Yargıtay Kararı 20. Hukuk Dairesi 2012/11434 E. 2013/3839 K. 04.04.2013 T.

YARGITAY KARARI
DAİRE : 20. Hukuk Dairesi
ESAS NO : 2012/11434
KARAR NO : 2013/3839
KARAR TARİHİ : 04.04.2013

MAHKEMESİ :Asliye Hukuk Mahkemesi

Taraflar arasındaki tescil davasının yapılan duruşması sonunda kurulan hükmün Yargıtayca incelenmesi davalı Hazine tarafından istenilmekle, süresinde olduğu anlaşılan temyiz dilekçesinin kabulüne karar verildikten sonra dosya incelendi, gereği düşünüldü:

K A R A R

Davacı dava dilekçesinde sınırlarını bildirdiği .. Beldesi, Köyiçi Mevkiinde bulunan taşınmazın tapuda kayıtlı olmadığını, kazandırıcı zamanaşımı zilyetliği yoluyla taşınmaz edinme koşullarının yararına oluştuğunu iddia ederek, Medenî Kanunun 713. maddesi hükmüne göre taşınmazın adına tescilini istemiştir.

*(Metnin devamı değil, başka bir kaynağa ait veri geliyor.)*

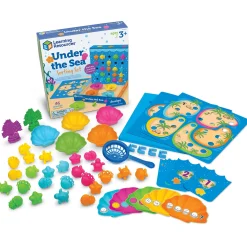 Educators Resource Learning Resources Under the Sea Sorting Set - Educational Math and Sorting Skills Toy* Preschool Education Toys & Activities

Mahkemece, davanın kısmen kabulüyle (A) ile gösterilen 1553,81 m2’lik kısmın davacı adına tapuya tesciline karar verilmiş, hüküm davalı Hazine tarafından temyiz edilmiştir.
Dava dilekçesindeki açıklamaya göre dava, Medenî Kanunun 713. maddesi hükmü uyarınca tapusuz olan taşınmazın tesciline ilişkindir.
Çekişmeli taşınmazın bulunduğu yerde dava tarihinden önce 1949 yılında 3116 sayılı Kanun hükümleri gereğince yapılan orman tahdidi. 1975 yılında yapılan aplikasyon ve 1744 sayılı Kanun ile değişik 2. madde uygulaması, 1985 yılında yapılan 2896 sayılı Kanun ile değişik 2/B madde uygulaması ile 24.06.1994 tarihinde ilân edilerek kesinleşen 3302 sayılı Kanun ile değişik 2/B madde uygulaması bulunmaktadır.
Çekişmeli taşımazın 18.02.1988 tarihinde onaylanan imar planı ile imar sınırları içine alındığı anlaşılmaktadır. 3402 sayılı Kanunun 17. maddesinin son fıkrasında il, ilçe ve kasabaların imar planı içerisinde bulunan yerlerin imar ve ihya yolu ile ( zilyetlikle ) kazanılması yasaklanmıştır. Ancak, bu tür taşınmazların zilyetlikle kazanılabilmesi için taşınmazın tespit dışı bırakıldığı tarihten imar planı içerisine alındığı tarihe kadar kanunda belirtilen kazanma süresi ve koşulları gerçekleşmiş olması gerekir. Dosyada mevcut ziraatci bilirkişi raporundan çekişmeli taşınmazın imar ve ihyasının 1986 yılında başladığı anlaşılmakta olup 1986 yılından taşınmazın imar planı içine alındığı 1988 yılına kadar davacı yararına kanunda belirtilen kazanma süresi ve koşulları gerçekleşmemiş olduğundan, davanın reddi gerekirken, mahkemece aksi düşünce ile yazılı şekilde hüküm kurulması usûl ve kanuna aykırı olduğundan davalı Hazinenin temyiz itirazlarının kabulüyle hükmün BOZULMASINA 04/04/2013 gününde oy birliği ile karar verildi.